Seven years ago Bruce sat next to me on a flight out of Nashville. We both changed planes in Detroit and there I frantically wrote down as much of our conversation as I could remember. His heavy southern drawl forced me to listen to him carefully so I could mentally translate what he was saying as he spoke.
I remembered him, but my notes from that day sat unread — until this week when I pulled that notebook off the shelf while shelving last year’s journals. I leafed through and stopped on the page where I had written the heading “Bruce – Flight from Nashville to Detroit”. His story, even his voice, flooded back.
We had done the perfunctory small talk while waiting for take off. He told me he worked in aircraft manufacturing. I told him that I was a mother eight. I stared out the window at the other airplanes on the runway.
“I got me a Cessna,” he said, nodding toward a small plane that was in view. “One time I flew it out of Atlanta. That thang was like a wasp among eagles.”
I liked the imagery and smiled at it. Our plane took off. It’s my favorite moment of every flight — wheels leaving pavement.
“Lemme show you somethin’,” he said, pulling his wallet out of his pocket. He flipped through the pictures and stopped at a well-worn picture of a smiling little boy. “That’s my boy,” he said proudly.
“Very nice,” I said.
He tapped on the photograph. “17 years ago someone ran a red light and hit our car. He was six years old. Died instantly.”
“I’m so sorry,” I murmured, but it felt inadequate.
He flipped to another picture, that of a pretty young woman. “That’s my daughter. She’s a bad ‘un.”
“I’m so sorry,” I said again. I didn’t ask for details and I couldn’t help thinking that 17 years before, she had been a little girl who lost her brother. Life is hard and sad — and we rarely know the other person’s story.
Bruce chatted with people across the aisle and in front of us. He was traveling with several people from his work.
He turned back to me. “You know, I just got done cancer treatments. Thyroid cancer. If I hadn’t taken this new job, probably wouldn’t have found it for a while. They found it on my pre-employment physical — and they still gave me the job.”
“That’s pretty amazing,” I said.
“My father died of lung cancer, you know. So the cancer — it’s kinda scary.”
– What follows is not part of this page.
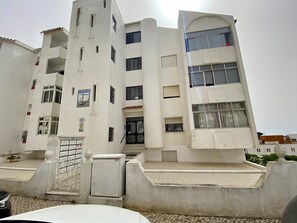 Buồng tắm vòi sen, khăn tắm 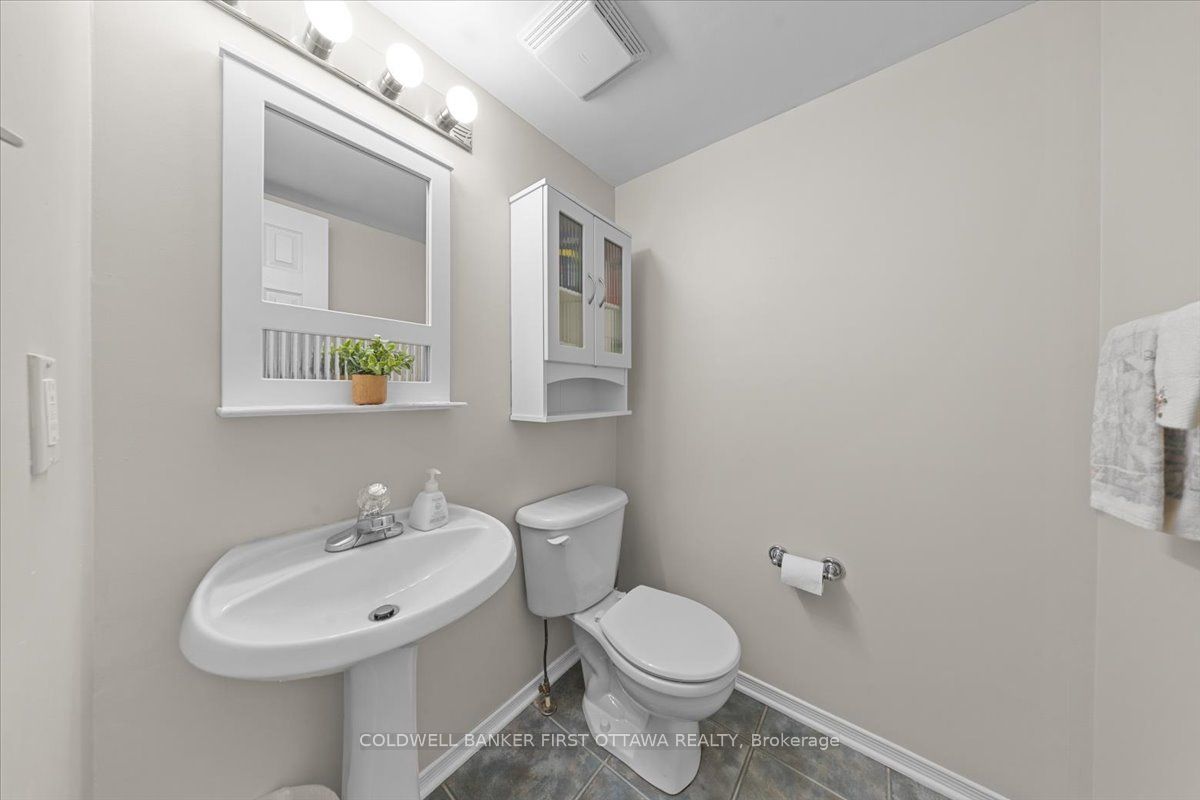 Additional image 4 of 29 Heartleaf Private, Ottawa, ON, K1T 3Z9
Talking about his father led him to talking about him growing up. “We was dumb-ass poor growin’ up. Used to go haying with no driver in the pick-up.”
I used to help with haying here in New York, but it was purely for the fun of helping the neighboring dairy farmer. I loved riding in the hay wagon, but someone was always driving the tractor. I tried to picture haying with no driver.

“You know what the Mason-Dixon line is?” he asked. I was worried that he was testing my knowledge as a northerner.
“Didn’t it divide the slave states from the free states?” I asked.
“Nah,” he said. “It’s the line that separates y’all and you guys.”
He laughed like he had just told a good joke. I laughed because I hadn’t expected a linguistics lesson from this burly southerner.
“You like sweet tea?” he asked, but he said it “swait tay.”
“I’m not much of a tea drinker,” I confessed.
“Northerners don’t hardly know how to make sweet tea. I once had a waitress tell me that I could just add sugar to my tea, like she didn’t understand that the sugar gits cooked right in with the tea.”
Frankly, I didn’t know that either.
In Detroit, I wrote it all down — about his son and his daughter and his cancer and his poverty and sweet tea. I tried to write the phrases exactly as I had heard him say them. Our flight had been less than two hours but he had shared so much with me.
I once heard Christian singer Jason Gray tell a story about a mentor that he had. Jason respected his mentor and wanted to be like him. Jason asked him, “How did you become you?” His answer: pain.
The hardships in our life shape us but they don’t define us. Bruce had known deep sorrow and in our brief encounter had shared some of the difficult times he had known, but he also knew how to embrace life.
I’m thankful I got to sit next to him for that flight and listen to his story.